I don’t remember, in much detail, the commencement speech. There are bits that stuck with me – mostly the platitudes and the quotes that I had heard before. On our chairs were pencils to tie in with the speaker’s focus on St. Teresa of Calcutta: “You are pencils in the hands of God.”
In the excitement of marching across the stage and the anticipation of grasping your diploma, the commencement speech often becomes the part of the ceremony that fades from memory. After all, the diploma on my wall is a physical reminder of that symbolic transition: the movement from the theater of college to application in the so-called real world.
The commencement speech, unfortunately, simply fades away. It can cause an uproar, in terms of the speaker, but the message is, undoubtedly, the same: Conquer the world, create change, remember your accomplishments.
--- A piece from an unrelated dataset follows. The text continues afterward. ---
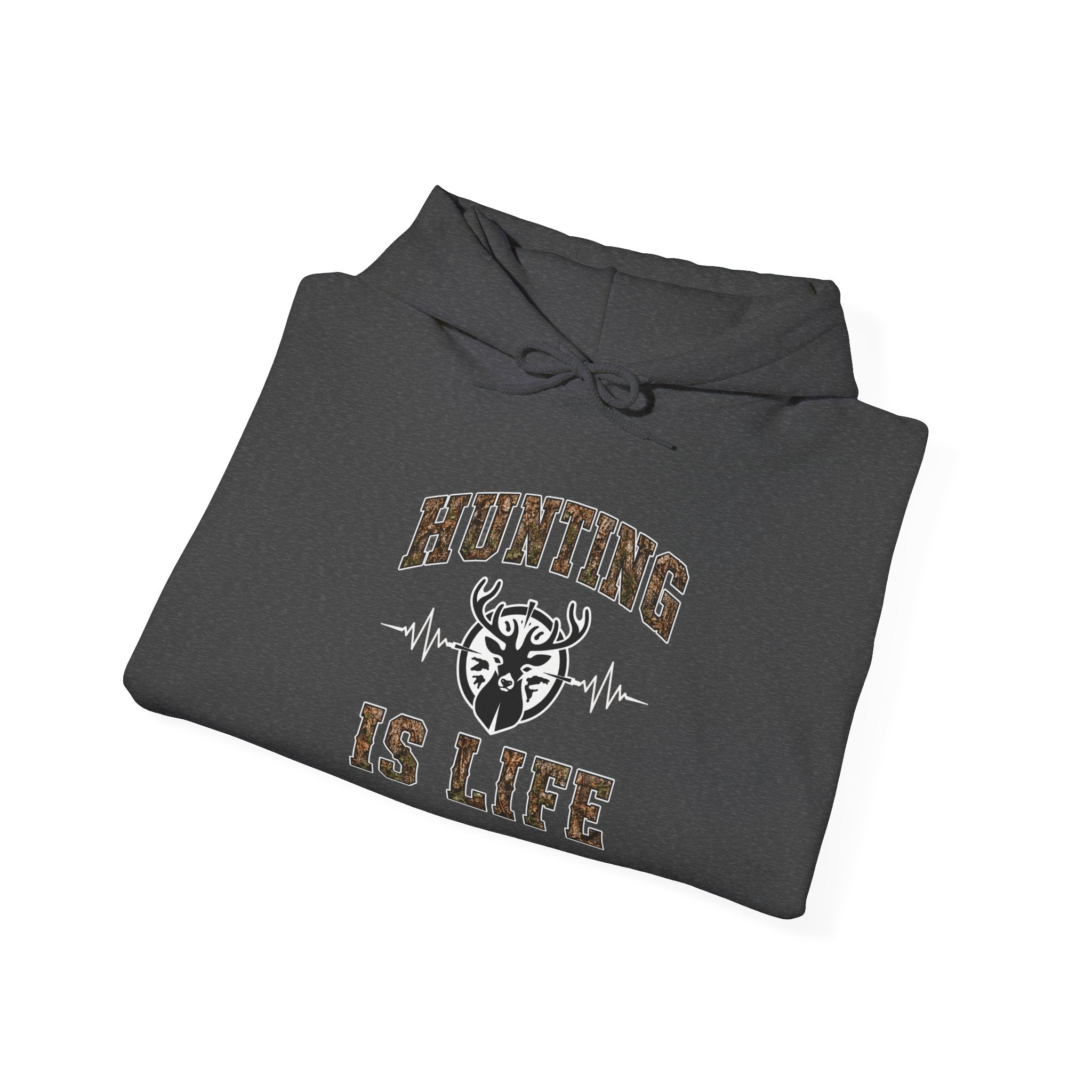Hunting Is Life™ Heavy Blend Hoodie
As I reflected on my own graduations, I realized that the commencement speech was the least anticipated aspect of graduation. Perhaps it’s because I never had a high-celebrity speaker. Perhaps it’s simply the length of the ceremony. Or perhaps it has more to do with the placement of the speech. Usually occurring before the conferral of degrees, the speech itself seems an impediment to that which graduates anticipate most: their moment in the spotlight.
Next semester I’m teaching a survey of British literature. As I prepared my book orders, I began thinking of the immensity of my task. Four centuries of literature packed into a 14-week semester. For much of that semester, the literary greats will need to share their spotlight as themes intersect and students begin acknowledging that threads of concern remain the same, even as artists use different approaches to treat that concern.
In creating a course that seems to privilege breadth over depth, I thought back to the commencement speech. After all, isn’t that the problem with most commencement speeches? The question isn’t how do you charge up the graduating class. They’re already electrified at the finale of graduation. The question is how to sum up their experience in a way that makes sense, that urges them to use their potential and embark on the world. It’s a monumental task that often falls short.
The message of the commencement speech is one of action – a complete contrast to what the graduates are actually doing. Yawns escape, boredom ensues, talking occurs. It’s much like the lecture hall.
But perhaps that’s the point. After all, as a teacher, I don’t gauge my students’ successes in their ability to summarize the knowledge they’ve gained.
I gauge success in their actions and application. I gauge success in their ability to think critically, to challenge a specific reading and, most importantly, in their defense of their beliefs.
The genre of the commencement speech simply cannot allow for that kind of action. And until it does, it’s the one part of graduation that fades from memory almost as soon as it occurs.